6 Actions For Successfully Instilling Team Direction & Hitting Goals
Instilling team direction and consistently keeping team members pointed in the same direction is a lot harder than most managers anticipate. Choosing a direction, and communicating that direction is done by most managers.
The problem is work life is so busy, and there are so many immediate priorities and demands on everyone, that most team members forget about the longer-term team direction. If direction is out of mind, then it is out of the decision making happening each day, week, and month. When team direction no longer influences most people’s decision making, then having a team direction becomes nearly worthless.
So much research shows that having common direction and consistently using that common direction in everyday decision making throughout the team has a big impact on team performance – typically a 20%+ uplift in team performance. Improved team performance as an output makes sense as everyone’s efforts are complimentary rather than some being complimentary and some conflicting.

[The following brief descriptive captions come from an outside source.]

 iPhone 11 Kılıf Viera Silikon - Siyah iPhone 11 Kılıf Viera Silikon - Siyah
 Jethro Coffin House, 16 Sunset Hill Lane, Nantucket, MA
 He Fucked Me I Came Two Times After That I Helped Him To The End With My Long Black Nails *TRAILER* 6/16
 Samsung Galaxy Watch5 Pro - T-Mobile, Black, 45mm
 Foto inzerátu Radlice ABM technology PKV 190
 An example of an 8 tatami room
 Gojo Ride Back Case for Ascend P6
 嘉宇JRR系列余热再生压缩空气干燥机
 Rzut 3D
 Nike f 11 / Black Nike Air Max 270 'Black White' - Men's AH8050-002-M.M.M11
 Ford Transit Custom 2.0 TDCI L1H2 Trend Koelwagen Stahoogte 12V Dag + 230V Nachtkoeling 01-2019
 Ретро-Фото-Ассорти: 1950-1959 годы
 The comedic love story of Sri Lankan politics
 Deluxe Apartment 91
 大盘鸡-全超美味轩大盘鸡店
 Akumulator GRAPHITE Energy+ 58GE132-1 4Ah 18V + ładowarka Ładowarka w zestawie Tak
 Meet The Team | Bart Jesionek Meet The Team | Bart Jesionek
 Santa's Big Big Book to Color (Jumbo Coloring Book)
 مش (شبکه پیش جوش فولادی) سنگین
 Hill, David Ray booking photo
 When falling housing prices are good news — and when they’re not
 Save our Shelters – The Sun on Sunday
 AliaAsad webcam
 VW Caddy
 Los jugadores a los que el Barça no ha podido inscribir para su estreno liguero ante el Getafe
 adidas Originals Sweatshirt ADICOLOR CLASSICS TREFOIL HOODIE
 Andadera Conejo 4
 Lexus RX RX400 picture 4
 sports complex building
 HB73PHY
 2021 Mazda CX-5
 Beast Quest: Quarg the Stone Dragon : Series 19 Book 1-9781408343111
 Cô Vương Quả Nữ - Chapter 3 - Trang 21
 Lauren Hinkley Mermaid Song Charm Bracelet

6 actions for successfully instilling team direction and hitting goals
- Involve the team in setting direction
- Address challenges and overcome resistance
- Explain the Why
- Communicate direction in different formats
- Reinforce goal alignment throughout team
- Repeat direction until the team jokes about you
Authors Robert Kaplan and David Norton reported “a mere 7 percent of employees today fully understand their company’s business strategies and what’s expected of them in order to help achieve company goals.” That is a scarily poor statistic and I feel from my experience, that this reflects too many teams.
In another study by PMI, 61% of the employees think that their firm often struggles to bridge the gap between strategy formulation and day-to-day implementation. These stats highlight the huge gap in the ability of the majority of managers to maintain their team moving in an agreed team direction.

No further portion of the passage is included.